Re: GDPR compliance best practices?

"Philip Oakley" <philipoakley@xxxxxxx> · Sun, 3 Jun 2018 23:28:43 +0100

From: "Peter Backes" <rtc@xxxxxxxxxxxxxxxxxxx>
On Sun, Jun 03, 2018 at 04:28:31PM +0100, Philip Oakley wrote:
In most Git cases that legal/legitimate purpose is the copyright licence,
and/or corporate employment. That is, Jane wrote it, hence X has a legal
rights of use, and we need to have a record of that (Jane wrote it) as
evidence of that (I'm X, I can use it) right. That would mean that Jane
cannot just ask to have that record removed and expect it to be removed.

Re corporate employment:

For sure nobody would dare to quesion that a company has a right to
keep an internal record that Jane wrote it.

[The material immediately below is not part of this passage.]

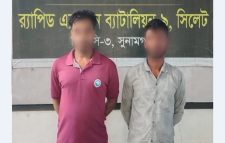 র‌্যাবের উপস্থিতি বুঝতে পেরে পালাচ্ছিলেন অলি- এনামুল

The issue is publishing that information. This is an entirely different
story.

It is here that Article 6 kicks in as to whether the 'organisation' can 
retain the data and continue to use it.
https://gdpr-info.eu/art-6-gdpr/
https://ico.org.uk/for-organisations/guide-to-the-general-data-protection-regulation-gdpr/lawful-basis-for-processing/
https://www.lawscot.org.uk/news-and-events/news/gdpr-legal-basis-and-why-it-matters/

For an open source project with an open source licence then an implict DCO 
applies for the meta data. It is the legal  basis for the the release.

If a corporate project has a closed source project, then yes, open 
publishing of that personal data within a repo's meta data would be 
incorrect, even though the internal repo would be kept.

I already stressed that from the very beginning.

Re copyright license:

No, a copyright license does not provide a legitimization.

- copyright is about distributing the program, not about distributing
version control metadata.

It is specificaly about giving that right to copy by Jane Doe (but git gives 
no other information other than that supposedly globally unique 'author 
email'.

- Being named is a right, not an obligation of the author. Hence, if
the author doesn't want his name published, the company doesn't have
legitimate grounds based in copyright for doing it anyway, against his
or her will.

Git for Open Source is about open licencing by name. I'd agree that a closed 
corporate licence stays closed, but not forgotten.

From a personal view, many folk want it to be that corporates (and open
source organisations) should hold no personal information with having
explicit permission that can then be withdrawn, with deletion to follow.
However that 'legal' clause does [generally] win.

Let's be honest: We do not know what legitimization exactly in each
specific case the git metadata is being distributed under.

We should know, already. A specific licence [or limit] should be in place. 
We don't really want to have to let a court decide ;-)

It may be copyright, it may be employment, but it may also be revocable
consent. This is, we cannot safely assume that no git user will ever
have to deal with a legitimate request based on the right to be
forgotten.

The law is never decided by technical means, unfortunately. Regular git 
users should have no issues - they just need to point their finger at the 
responsible authority. (beware though, of the oneway trap door that the 
users mistakes can become the problem for the responsible authority!)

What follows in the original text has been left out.